With the youngest front row in F1 history, both Mercedes drivers looking on the back foot and Sebastian Vettel starting down in ninth, the Austrian GP was well poised to be at the very least interesting. However, when Verstappen bodged his start and dropped down the order while Leclerc comfortably built up a gap, it initially looked like it might be a slightly underwhelming race. How wrong I was.
Verstappen quickly recovered from P7 to P5 and then, crucially, managed to eke his tyres out longer than anyone else on the first stint. Once everyone made their stops he was up to fourth, courtesy of Lewis Hamilton needing a front wing change, and he set about putting on a charge.
With 20 laps to go, he found his way past Vettel. Five laps later and after a small reliability scare, he got Valtteri Bottas for second, too. Could he really catch Leclerc too?
Both drivers had traffic to contend with and, along with a pace advantage, Max seemed to make a better fist of getting through the backmarkers, even cleverly hesitating on a couple of passes to ensure he got the DRS down the straight.
With four laps left, he had a go at Leclerc into Turn 3, but couldn’t out-drag the power of the Ferrari on the following straight. A lap later he tried the same move again and, after a bit of contact (which is under investigation), scrabbled ahead and went on to take a brilliant victory. A disconsolate Leclerc had to settle for second while Bottas completed F1’s youngest podium in third. Vettel made a second stop for fresh tyres and passed Hamilton for fourth on the penultimate lap.
Top of the midfield was a superb Lando Norris. He battled with Hamilton on the opening lap and after eventually giving best to the top teams, held on for a strong and fairly comfortable sixth. Pierre Gasly was a lapped sixth ahead of another star of the race, Carlos Sainz, who went from the back of the grid to eighth. The two Alfa Romeo’s rounded out the points, with Antonio Giovinazzi scoring his first. Hooray!
Unfortunately, the threat of a penalty had kinda blunted the incredible atmosphere of what has easily been the race of the season so far and what was yet another superb performance from Verstappen, Red Bull, and – let’s not forget – Honda.
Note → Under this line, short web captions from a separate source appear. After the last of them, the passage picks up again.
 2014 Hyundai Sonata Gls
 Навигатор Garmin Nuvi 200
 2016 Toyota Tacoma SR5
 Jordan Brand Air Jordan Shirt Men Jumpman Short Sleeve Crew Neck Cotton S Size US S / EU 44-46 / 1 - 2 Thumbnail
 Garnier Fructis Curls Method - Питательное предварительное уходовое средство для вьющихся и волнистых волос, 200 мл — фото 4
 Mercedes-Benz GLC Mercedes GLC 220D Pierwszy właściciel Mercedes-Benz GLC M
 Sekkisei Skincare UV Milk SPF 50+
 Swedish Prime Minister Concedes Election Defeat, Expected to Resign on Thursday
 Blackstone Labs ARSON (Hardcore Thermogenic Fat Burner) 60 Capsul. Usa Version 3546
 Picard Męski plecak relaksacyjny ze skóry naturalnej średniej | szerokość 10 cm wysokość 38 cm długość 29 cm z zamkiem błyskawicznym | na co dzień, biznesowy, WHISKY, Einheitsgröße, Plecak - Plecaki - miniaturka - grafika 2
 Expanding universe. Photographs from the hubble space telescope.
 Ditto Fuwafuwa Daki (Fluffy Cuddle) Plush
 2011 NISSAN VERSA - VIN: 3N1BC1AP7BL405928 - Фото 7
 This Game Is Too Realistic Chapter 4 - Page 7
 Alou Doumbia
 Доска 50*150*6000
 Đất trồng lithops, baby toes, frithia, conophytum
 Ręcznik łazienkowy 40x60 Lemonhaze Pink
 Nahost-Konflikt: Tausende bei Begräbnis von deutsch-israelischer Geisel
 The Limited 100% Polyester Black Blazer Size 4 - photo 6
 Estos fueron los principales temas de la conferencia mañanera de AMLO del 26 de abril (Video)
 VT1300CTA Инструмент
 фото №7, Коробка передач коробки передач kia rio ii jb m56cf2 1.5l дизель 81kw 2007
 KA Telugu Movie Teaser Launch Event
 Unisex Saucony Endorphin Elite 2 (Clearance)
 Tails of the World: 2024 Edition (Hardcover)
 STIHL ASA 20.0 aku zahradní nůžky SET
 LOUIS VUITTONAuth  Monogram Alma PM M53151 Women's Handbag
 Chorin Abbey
Championship-wise, it’s not the most critical race, although Bottas has at least gained a few back on Hamilton to close things up a bit. The mixture of different tyre strategies between teams with evenly-matched cars made for a superb unpredictable race – the question is whether Mercedes’ poor performance was down to the track, the tyres, the temperature, the tyres, or all three.